Come faccio a sapere se il mio livido è abbastanza grave da consultare un medico?

Dovreste consultare un medico se avvertite un dolore intenso che non migliora, se non riuscite a muovere l’area lesionata, se gonfiore e lividi compaiono molto rapidamente, o se notate intorpidimento o formicolio vicino al livido. Cercate anche assistenza medica se il livido è sull’addome o sul torace, se è accompagnato da altri sintomi come vertigini, o se sembra che vi procuriate lividi molto facilmente senza ragioni chiare.[3][9]

Qual è la differenza tra un livido cutaneo e una contusione ossea?

Un livido cutaneo (contusione sottocutanea) si verifica quando piccoli vasi sanguigni appena sotto la pelle si rompono e perdono sangue, creando una macchia colorata visibile. Una contusione ossea si verifica quando i vasi sanguigni all’interno dell’osso o nella membrana che ricopre l’osso si rompono. Le contusioni ossee fanno più male in profondità, richiedono molto più tempo per guarire (a volte diversi mesi) e non possono essere viste sulla pelle o nelle normali radiografie—di solito richiedono una risonanza magnetica per essere diagnosticate.[1][4]

Una radiografia può mostrare tutti i tipi di contusioni?

No, le radiografie possono mostrare chiaramente solo le fratture ossee. Non possono mostrare contusioni ossee, contusioni muscolari o danni ai tessuti molli. Se il medico sospetta una contusione ossea o una lesione muscolare, probabilmente prescriverà una risonanza magnetica, che fornisce immagini molto più dettagliate dei tessuti molli e dell’interno delle ossa. L’ecografia può anche essere utilizzata per vedere se il sangue si è accumulato all’interno di un muscolo.[1][3][4]

Perché le persone anziane si procurano lividi più facilmente?

Con l’invecchiamento, i vasi sanguigni tendono a diventare più fragili e la pelle perde parte del suo strato protettivo di grasso sottostante. Questo rende più facile la rottura dei vasi sanguigni da urti o impatti minori che potrebbero non aver causato lividi quando erano più giovani. Alcuni farmaci che gli anziani assumono comunemente, come gli anticoagulanti, possono anche aumentare la formazione di lividi.[1][4]

Cos’è la sindrome compartimentale e come viene diagnosticata?

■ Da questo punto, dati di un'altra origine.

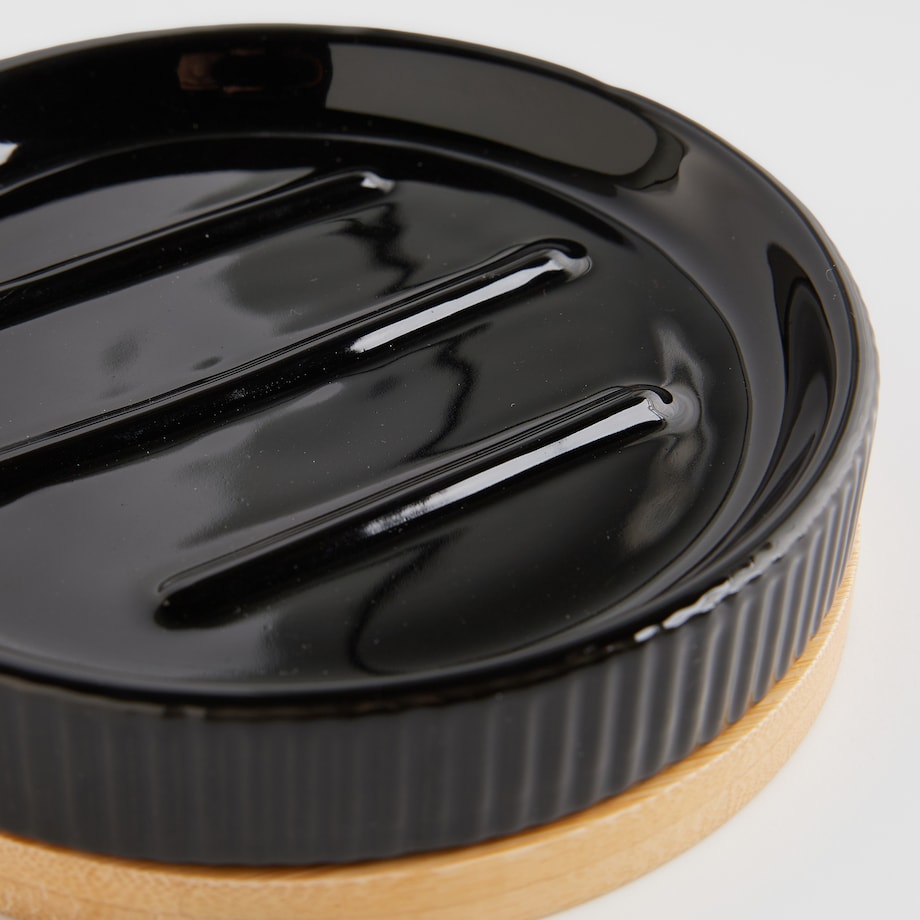 Mydelniczka Liners gloss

La sindrome compartimentale è una complicazione grave in cui la pressione aumenta all’interno di un compartimento muscolare a causa di sanguinamento e gonfiore da una contusione. Questo aumento di pressione può interrompere il flusso sanguigno ai muscoli e ai nervi, causando potenzialmente danni permanenti. Viene diagnosticata in base ai sintomi come dolore grave che peggiora invece di migliorare, intorpidimento, debolezza e tensione nell’area interessata. Se sospettata, richiede attenzione medica immediata e potrebbe richiedere un intervento chirurgico.[11][12]

🎯 Punti Chiave

  • Una contusione è il termine medico per un livido, causato dalla rottura di vasi sanguigni sotto la pelle che perdono sangue nel tessuto circostante senza rompere la superficie cutanea.
  • Non tutti i lividi sono visibili—le contusioni ossee e le contusioni muscolari profonde possono causare dolore significativo senza mostrare alcun cambiamento di colore sulla pelle.
  • L’esame fisico è il primo passo diagnostico, in cui i medici valutano dolore, gonfiore, decolorazione e gamma di movimento per determinare la gravità della lesione.
  • Le radiografie possono escludere ossa rotte ma non possono rilevare contusioni ossee, che richiedono risonanze magnetiche per visualizzare i danni all’interno della struttura ossea.
  • I segnali d’allarme che richiedono attenzione medica immediata includono dolore intenso, incapacità di muovere l’area lesionata, gonfiore rapido, intorpidimento, formicolio, o se l’area appare fredda o pallida.
  • Gli atleti subiscono contusioni frequentemente durante gli sport di contatto, rendendole il secondo infortunio sportivo più comune dopo le distorsioni.
  • La sindrome compartimentale e la miosite ossificante sono complicazioni gravi che i medici monitorano, specialmente con contusioni muscolari gravi.
  • Circa l’80% delle persone che si rompono il legamento crociato anteriore sviluppa anche una contusione ossea nell’articolazione del ginocchio, mostrando quanto spesso le contusioni accompagnano altre lesioni.